QWebElement sees the light, do I hear a booyakasha!?

Posted by Tor Arne Vestbø on April 7, 2009 · 7 comments

One of the main missing parts of QtWebKit so far has been a proper way to inspect and manipulate the document structure. In JavaScript this is provided by the Document Object Model (DOM) bindings — giving you methods like getElementById(), createElement(), and insertBefore(). These methods were also accessible in Qt 4.4 and 4.5 though QWebFrame::evaluateJavaScript(), but it was hardly a optimal way of working with the document.

The reason a proper API for this was deferred in the earlier versions of QtWebKit was because we wanted to provide an API that was not only powerful, but also easy to use. That left out using QDom, or a similar exhaustive API, as customer feedback has shown that writing code on that level can be both tedious and error prone.

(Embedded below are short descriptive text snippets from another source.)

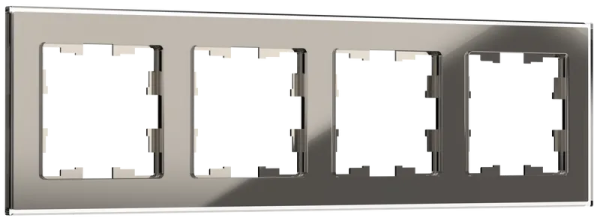 BRITE Рамка 4 -местная РУ-4-2-БрД стекло дымчатый IEK BR-M42-G-K30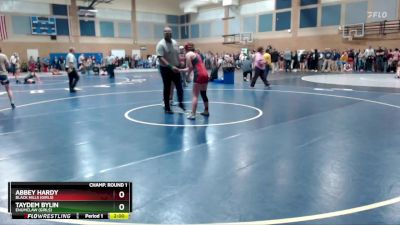 140lbs Champ. Round 1 - Abbey Hardy, Black Hills (Girls) vs Taydem Bylin, Enumclaw (Girls)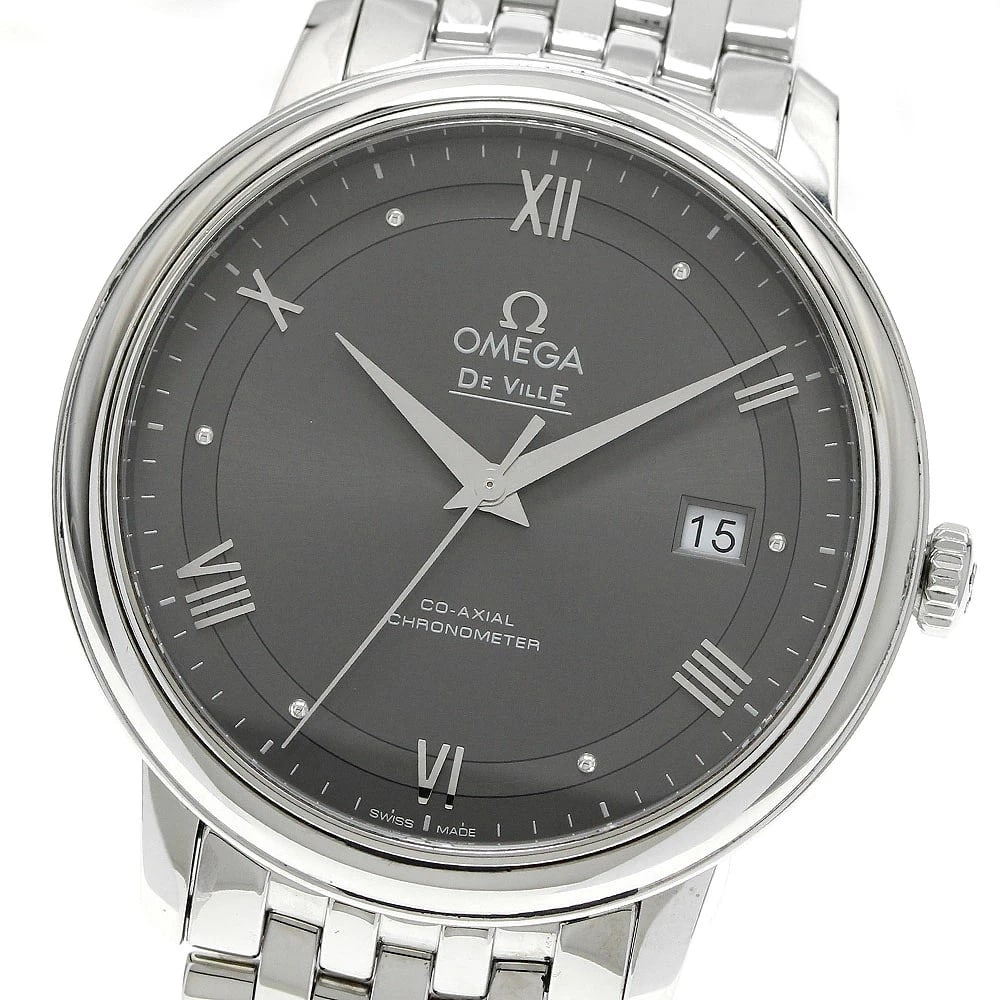 OMEGA DE VILLE PRESTIGE CO-AXIAL AUTOMATIC WATCH: Omega De Ville Prestige Co-Axial Automatic Watch Brand: OMEGA Type/Style: Wristwatch Material: Stainless Steel Color: Silver dial Size: Case size: 40mm Wrist size: Approx. 16 + 2.4cm Accessories: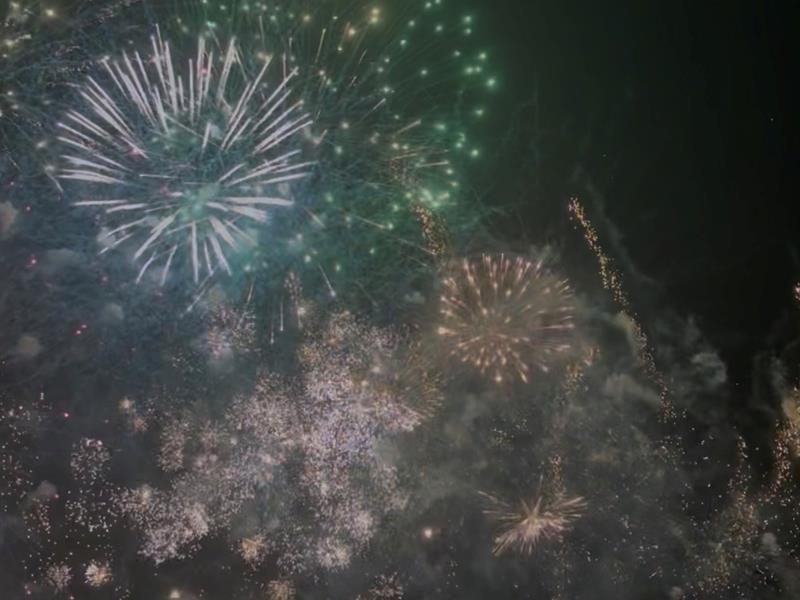 Bal des pompiers et feu d'artifice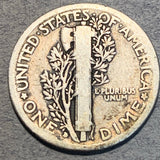 1916-D Mercury Dime VG, Liberty Head dime
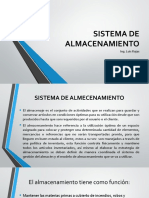 SISTEMA DE ALMECENAMIENTO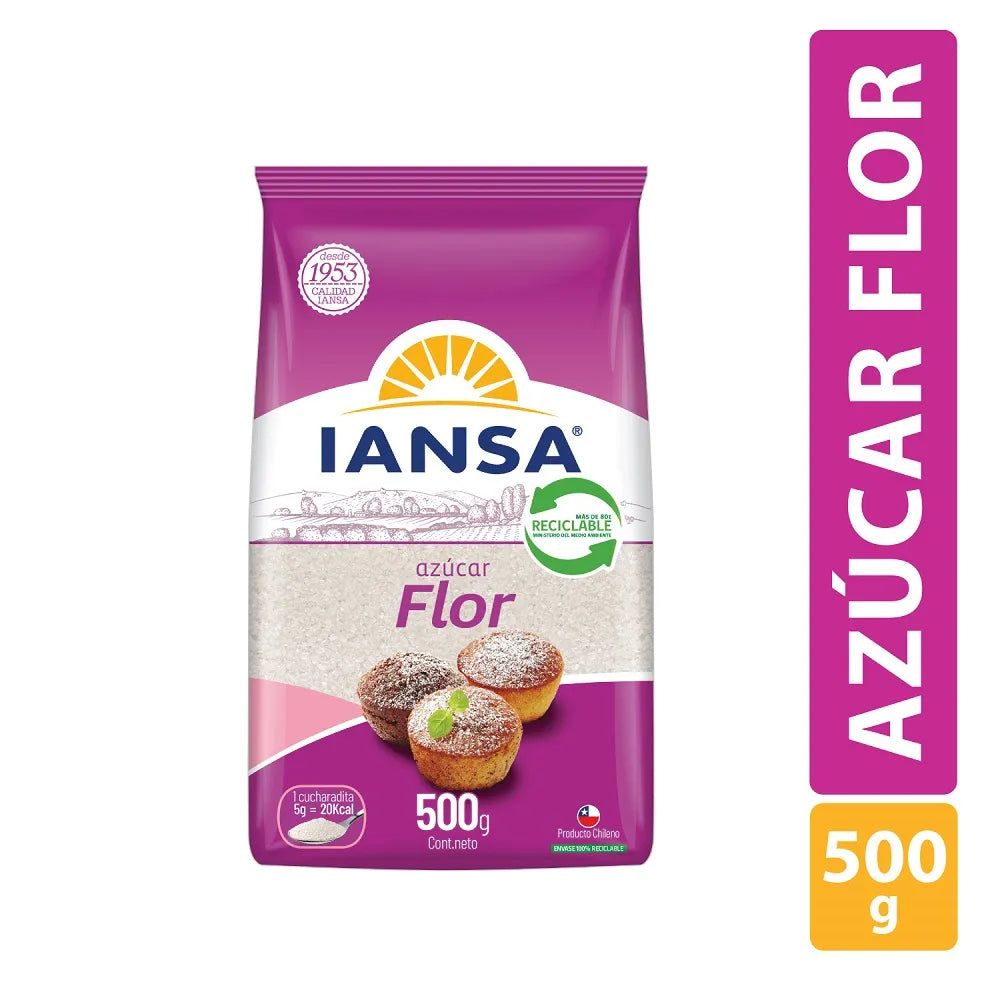 AZUCAR FLOR IANSA 500G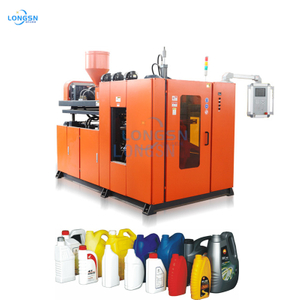 Conservation de l'énergie L'huile moteur à double station et l'huile de graissage en plastique hdpe peuvent mettre en bouteille la machine de moulage par soufflage par extrusion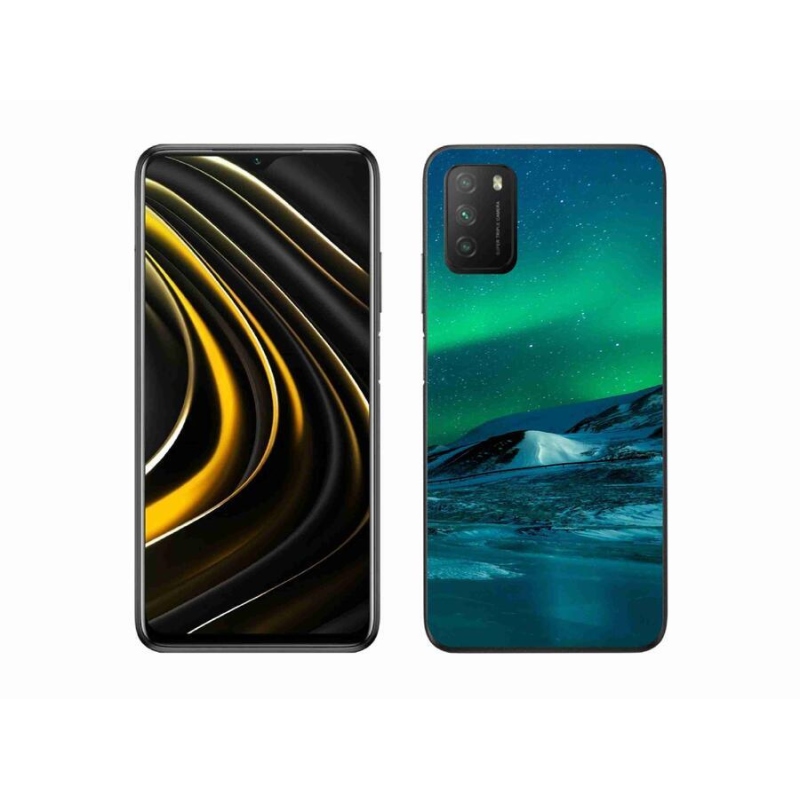 Gél borító mmCase a Xiaomi Poco M3-hoz - sarki fény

Consider the following snippet:

QDomElement docElem = doc.documentElement();

QDomElement root = docElem.firstChildElement("database");
QDomElement entry = root.firstChildElement("entry");
for (; !entry.isNull(); entry = entry.nextSiblingElement("entry")) {
	QDomElement data = entry.firstChildElement("data");
	for (; !data.isNull(); data = data.nextSiblingElement("data")) {
		QDomAttr attribute = data.attributeNode("format");
		if (!attribute.isNull() && attribute.value() == "human") {
			cout < < "Data:" << data.text() << endl;
		}
	}
}

Traversing the DOM like this quickly becomes hairy. The same pattern can be found in JavaScript code: using getElementById(), traversing children, looking for a element of a certain type, etc.

Another typical use case is manipulation, where you would do something like:

QDomElement foo = doc.getElementById("foo");
QDomElement elem = doc.createElement("img");
elem.setAttribute("src", "myimage.png");
foo.parent().insertAfter(elem, foo);

Remember to keep your tongue straight when building that insertAfter() statement!

Now some of you are probably jumping on your chairs now, screaming “this is not how you would do it in JavaScript!”. And you’re right, the JavaScript world has found a way to shield off the above annoyances: wrapper libraries like jQuery and Prototype.

Taking inspiration from these libraries we did a one-day prototyping/hacking session back in November, and the results were promising. We also asked customers what they really meant when they were asking for a DOM API, and it turned out that the goal was to inspect and manipulate the DOM, but not necessarily though a one-to-one mapping of the API provided by the DOM specification. Last week we managed to reserve some cycles to continue the work, and we’re now ready for some feedback.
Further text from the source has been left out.